There is now significant research demonstrating the important roles of NOD1 and NOD2 in the recognition of bacterial and viral pathogens. This recognition drives the host’s innate response via the activation of the NF-κB and IRF3 pathways, respectively, and also potentially aids in shaping the adaptive host defense. From the currently available research on bacterial pneumonia, it is clear that in some bacterial infections, specifically C. pneumoniae, M. tuberculosis, and A. baumannii, the complete deficiency of NOD1 or NOD2 results in fewer inflammatory cell infiltrates and a higher bacterial burden in the lungs, suggesting that the presence of NOD signaling is crucial to the host defense against these pulmonary pathogens. Conversely, in S. pneumoniae and L. pneumophila infection, the proinflammatory response of NOD appears to be redundant to that of the TLRs, and NOD deficiency has little influence on the host’s ability to fight the infection (Table 1). What drives the interaction between the TLRs and the NLRs remains poorly understood, and future studies will be crucial to enhance our comprehension of the regulatory networks that control the dominant PRR response after infection.

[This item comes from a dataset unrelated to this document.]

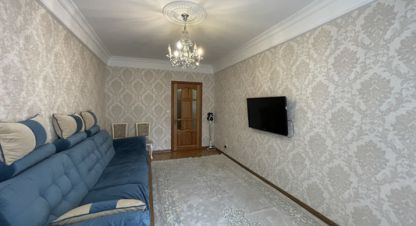 Продам квартиру 3-х комнатную с общей площадью 95м2, 3/9 эт., на улице Амет-хана султана пр-кт, Советский район, г. Махачкала, Дагестан респ., Россия, агентство Интернет-партнер. Фотография №1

The available data suggest that in viral pneumonia, complete deficiency of NOD2 results in impaired early viral clearance and increased lethality. Some of these poor outcomes may be related to the dwindled population of antigen-presenting dendritic cells and the diminished ability to prime the adaptive immune response. Interestingly, increased NOD2 expression after viral infection may provide a potential explanation for the increased immunopathology and lethality of bacterial superinfections that follow viral infection. Thus, although it is evident that the complete absence of NOD signaling can be detrimental to the host, these findings would suggest that too much NOD signaling is also detrimental. Exactly how NOD signaling and the innate immune response are regulated and what upstream modulators control the positive and negative regulation of this signaling pathway are still to be determined. Many questions remain to be answered, including whether it is possible to modulate the activity of NOD and the other PRRs to minimize immunopathology while allowing adequate pathogen control. Recent work has established the ability of nanoparticle delivery of NOD ligands to promote immunostimulatory properties including the up-regulation of proinflammatory cytokines (86). It remains to be seen whether a similar approach can be used to down-regulate this signaling pathway, which could potentially improve patient outcomes by decreasing the likelihood of innate immunity-mediated immunopathology after pulmonary infection.